Just checking! I haven't heard it before so.....
This question has been asked several times now - seems worth adding to the FAQ section.
PetrolDave said:
This question has been asked several times now - seems worth adding to the FAQ section.
Good idea - done...
Is there a way to fix this because i'm pretty sure this is why my battery is being drained if I don't run the car in a few days.
cobidawg said:
Is there a way to fix this because i'm pretty sure this is why my battery is being drained if I don't run the car in a few days.
The hissing should only occur until the RNS-E shuts down completely, which should happen after about 30 minutes after locking the car. Maybe you can measure the voltage at the remote wire at your amp and confirm it's going off after the RNS-E shut down completely?
I just found that I am experiencing this hissing problem as well. All my speakers huummm after shutting down the RNS-E

So, do we have any proof that after 30 minutes this drain on the battery is really stopping?

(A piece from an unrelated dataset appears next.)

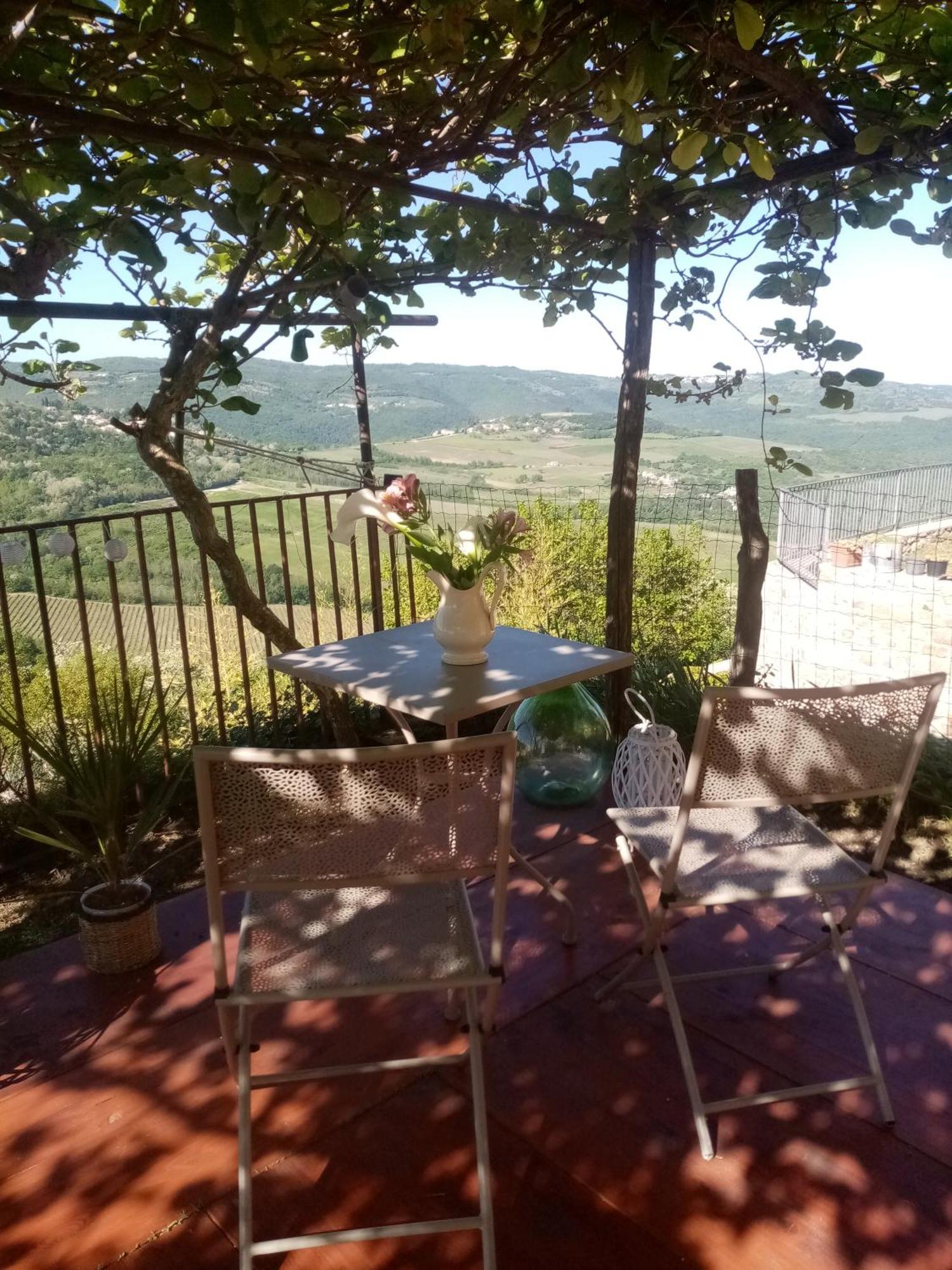 Rooms Serafin Motovun Exterior photo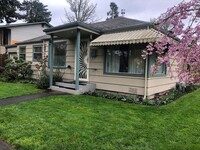 Building Photo - Terrific 2 Bedroom Bungalow in Jefferson W...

Or is the fact that it is suppose to stop after 30 minutes just a theory?

I would rather not have my battery drained for 30 minutes everytime I turn off my car!!! there must be something we can do about this!

what do you all think?
I had my doubts about mine shutting off till i sat in the car and locked it. The RNS-E completely powered off in ~2 minutes. About the same time that the emergency light button goes out.

I also notice that when i unlocked the car, it went back into standby mode.
I just did a test myself. I sat in the unit, turned on the car, turned on the RNS-E then turned it off and turned off the car. I locked the doors and waited.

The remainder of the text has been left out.